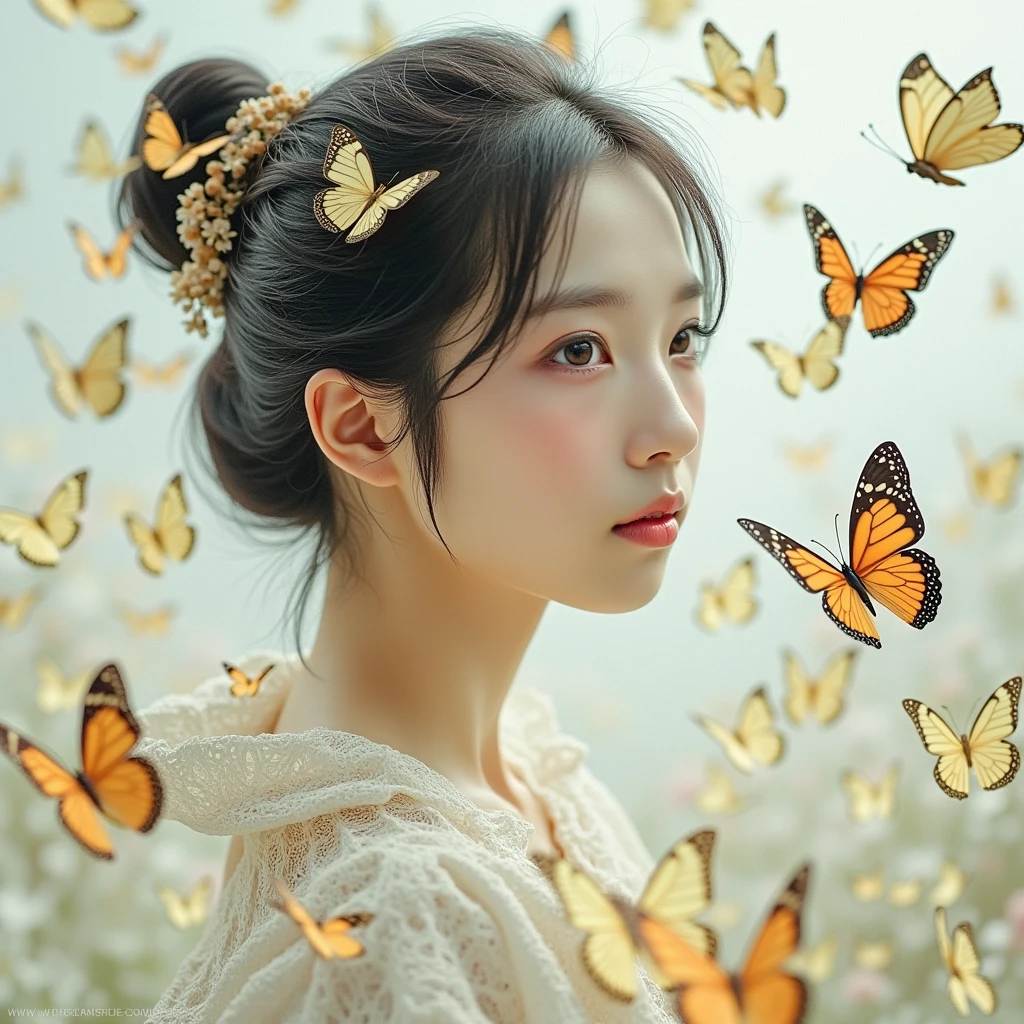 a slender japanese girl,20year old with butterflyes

-=-=-=-=-

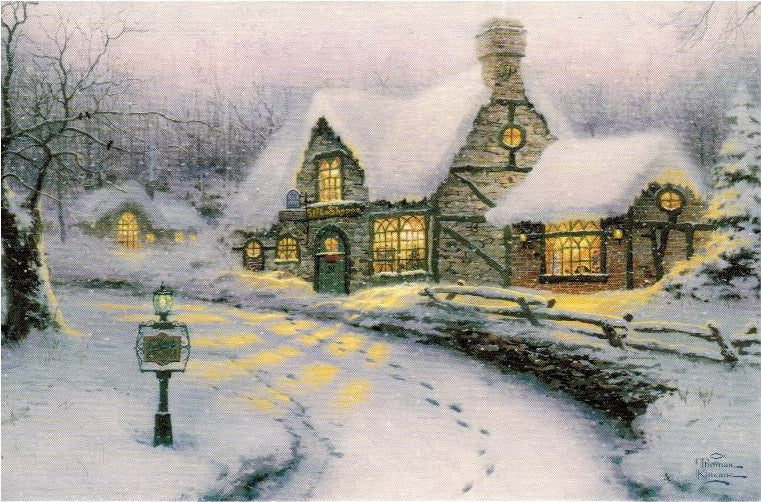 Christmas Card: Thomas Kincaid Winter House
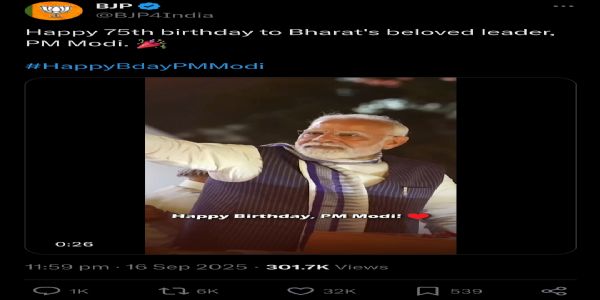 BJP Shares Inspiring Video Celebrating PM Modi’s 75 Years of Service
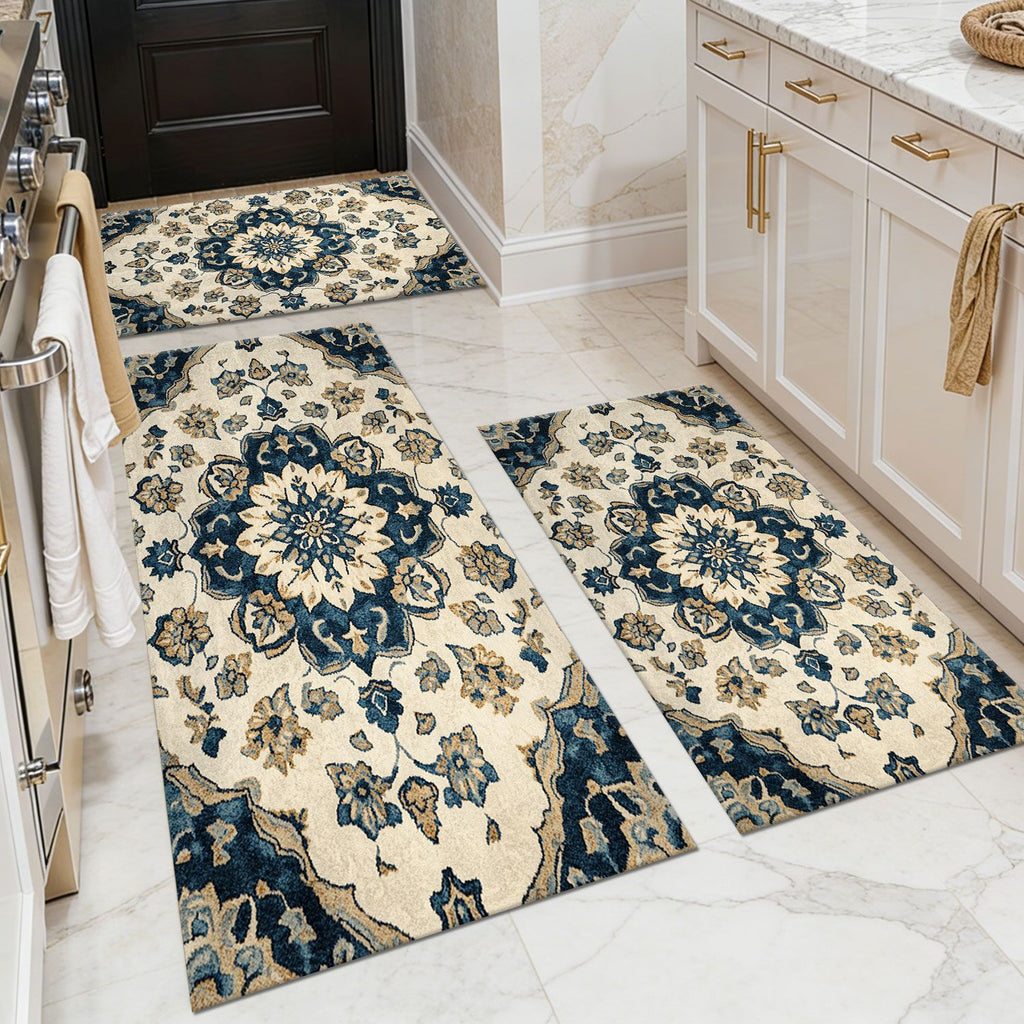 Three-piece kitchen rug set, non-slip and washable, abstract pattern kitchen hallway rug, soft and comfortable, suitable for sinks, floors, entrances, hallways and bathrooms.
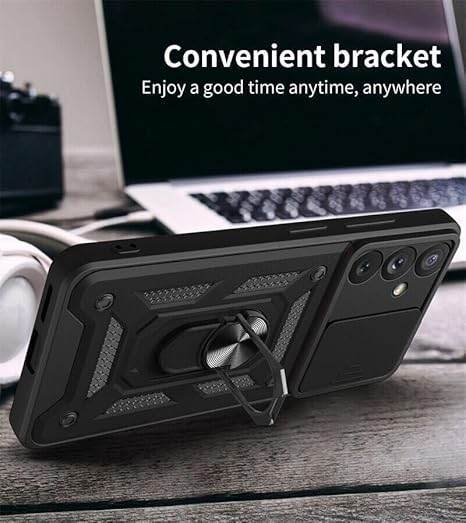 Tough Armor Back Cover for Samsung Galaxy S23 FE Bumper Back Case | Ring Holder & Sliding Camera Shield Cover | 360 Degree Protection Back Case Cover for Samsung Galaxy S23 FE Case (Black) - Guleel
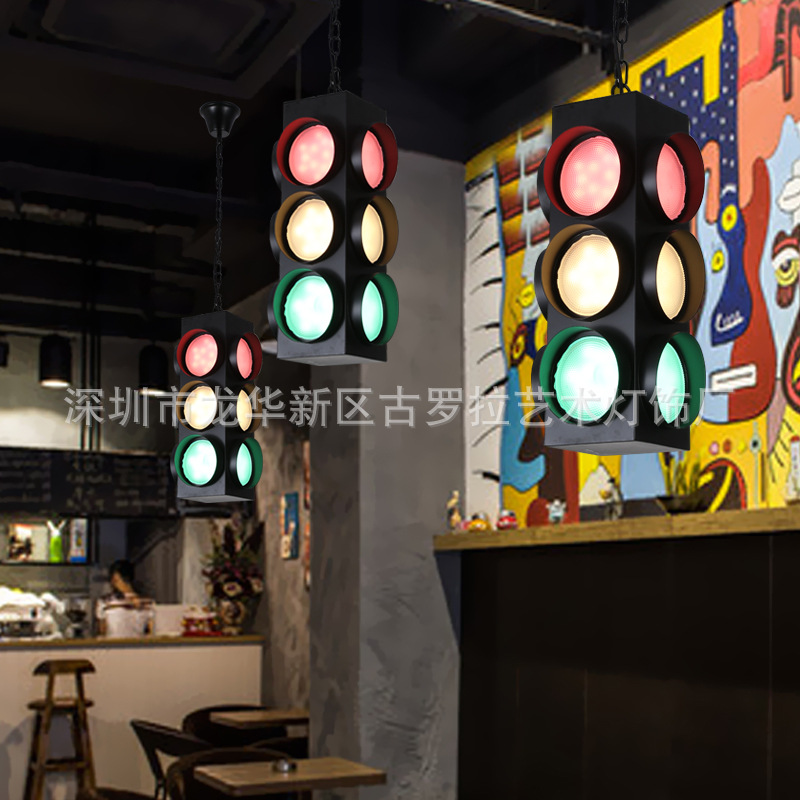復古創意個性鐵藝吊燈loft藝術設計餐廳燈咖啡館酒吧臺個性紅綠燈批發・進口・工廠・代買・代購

-=-=-=-=-

▶ **Work to complete**
Pictures are to be left out. Write out only the lines above starting at the one with "BJP Shares Inspiring" and ending at the one with "Three-piece kitchen rug", both lines included, exactly.

▶ **Written solution**
 BJP Shares Inspiring Video Celebrating PM Modi’s 75 Years of Service
 Three-piece kitchen rug set, non-slip and washable, abstract pattern kitchen hallway rug, soft and comfortable, suitable for sinks, floors, entrances, hallways and bathrooms.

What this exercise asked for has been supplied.